Firefly scans your entire cloud footprint, including your Terraform states, to determine which parts of your existing infrastructure are codified and which are unmanaged. It then automatically generates Terraform code to turn unmanaged resources and configuration drifts into managed ones, ensuring your cloud remains in its desired state.

Firefly's continuous comparison of your IaC to your actual cloud configuration helps identify drift, misconfiguration, and policy violations, allowing you to quickly remediate issues.

Firefly provides a seamless way to navigate from your codified cloud resources directly to the underlying Terraform state files that manage them. In the Firefly dashboard, you can view all the resources in your cloud environment currently managed by Terraform, known as your "Codified" resources. 

For each of these codified resources, Firefly provides details on the Terraform configuration that defines it. 

From this Compiled resource view, you can directly navigate to the specific Terraform state file (.tfstate) managing that particular resource. For example here is the view for the IAM role “staging1111.role”

This allows you to easily inspect the contents of the Terraform state file under the IaC Stacks section, including all the resources in that state, their current state, and any relevant metadata or dependencies. 

Now, If you go to the backends section under IaC Explorer, you can quickly locate the resources associated with the listed state file

Frequently Asked Questions 

Q. How do you manage state file in Terraform?

Terraform uses a state file to keep track of the resources it has created and their current state. To manage the state file, you can use Terraform commands like terraform state pull, terraform state push, and terraform state rm to inspect, update, and remove resources from the state. It's important not to manually edit the in storing terraform state file, as this can lead to inconsistencies between the state and your infrastructure.

Q. What is the difference between Terraform backend and state?

The Terraform backend is responsible for storing and retrieving the state data. The state file itself contains the serialized representation of the infrastructure that Terraform manages. The backend determines where the data source is and how this state data is stored, whether that's a local file, a remote storage service, or a custom backend implementation

Q. What if Terraform state file is deleted?
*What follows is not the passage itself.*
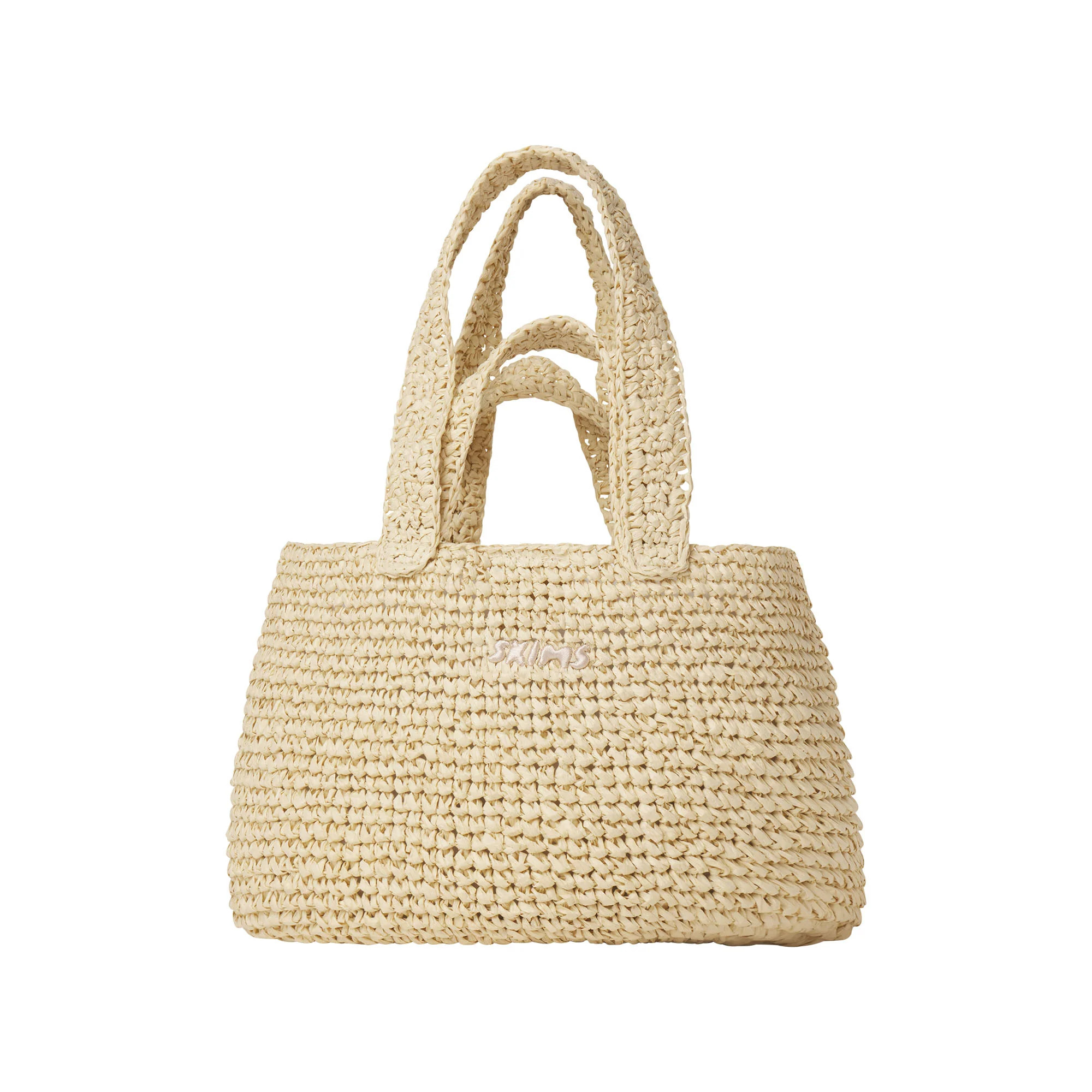 SKIMS ACCESSORIES RAFFIA MINI TOTE PAPER | NATURAL | SKIMS | SKIMS (US)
If the Terraform state file is deleted, Terraform will no longer be able to track the resources it has created. This can lead to inconsistencies between the state and the actual infrastructure. To recover from a deleted state file, you would need to re-import(terraform import) the resources into the existing state by using Terraform commands like terraform import.

Q. How do I manage multiple Terraform state files?

To manage multiple Terraform state files, you can use Terraform workspaces or separate state files for different environments or components of your infrastructure. This allows you to keep your state organized and avoid conflicts between different parts of your infrastructure.

Q. What are Terraform state commands?

Some key Terraform state commands include:

  • terraform state pull: Pulls the current state and outputs it to stdout
  • terraform state push: Uploads a local state file to the backend
  • terraform state rm: Removes one or more items from the Terraform state
  • terraform state mv: Moves an item in the state to a new address
  • terraform state pull: Pulls the current state and outputs it to stdout
  • terraform state show: Displays attributes of a single resource in the state

Conclusion

This blog focuses on the importance and best practices for managing Terraform state files. The main points are:

Terraform state is the core of Infrastructure as Code (IaC). It tracks the current state of your cloud resources. Properly managing the state is critical to ensuring your deployments are consistent, reliable, and secure.

Terraform's state locking is essential to prevent conflicts when multiple people or processes update the state simultaneously. This ensures consistency and prevents unintended changes.

Tools like Firefly can enhance Terraform state management by providing visibility into your whole infrastructure setup, automatically detecting and fixing state drift, and acting as a safety net for your deployments.